研究実績の概要 |
1.「離散・連続に続く新たな数理的概念の提案と,それに基づく分離困難な多重スケールを持つ現象の数理的記述および理解の探求」を目標とし, ナノ粒子分散系のダイナミクスに対する「下から上への評価」すなわちナノ粒子および凝集体を離散個体として扱う流体内N体問題および混相流仮定による「上から下への評価」基盤とした数値計算を通して研究を進めた。数値計算データが示す特徴と実験データが示す特徴の整合性を確認およびナノ粒子分散系のダイナミクスに対する2種の近似的評価の相違点はある程度明らかになったが, 「離散と連続のちがい」を十分に示唆するデータを入手する段階まで達することはできなかった。

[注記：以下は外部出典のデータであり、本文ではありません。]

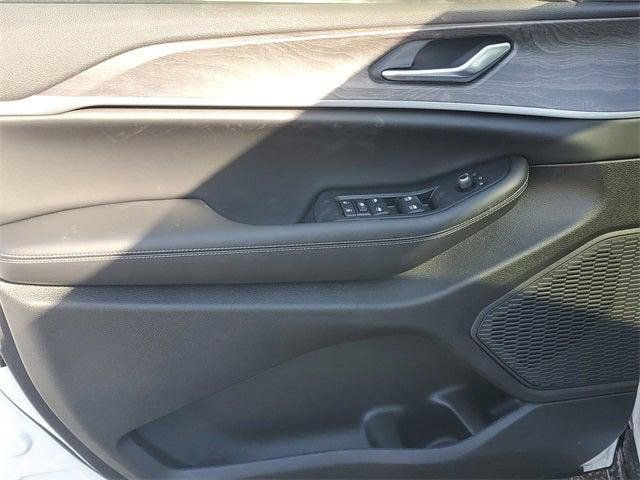 New 2026 Jeep Grand Cherokee Altitude AWD/4WD image 16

2. 流体内ナノ粒子の基本的なダイナミクスに対する数理的な理解を深めるため, 2次元空間内に孔のあいた壁と1つの円形ナノ粒子を考え,流れにシアが存在する場合について,ナノ粒子の挙動を記述するシンプルな数理モデルの作成を試みた。現在, 数理モデルを検証する数値実験のための数値計算プログラム作成途中である。ここでの設定は2次元であり,現実の系や行っている数値シミュレーションの設定とは異なるが,解析的な問題の扱いであることにより流体内ナノ粒子のダイナミクスに対するより明確かつシンプルな示唆を得る可能性がある。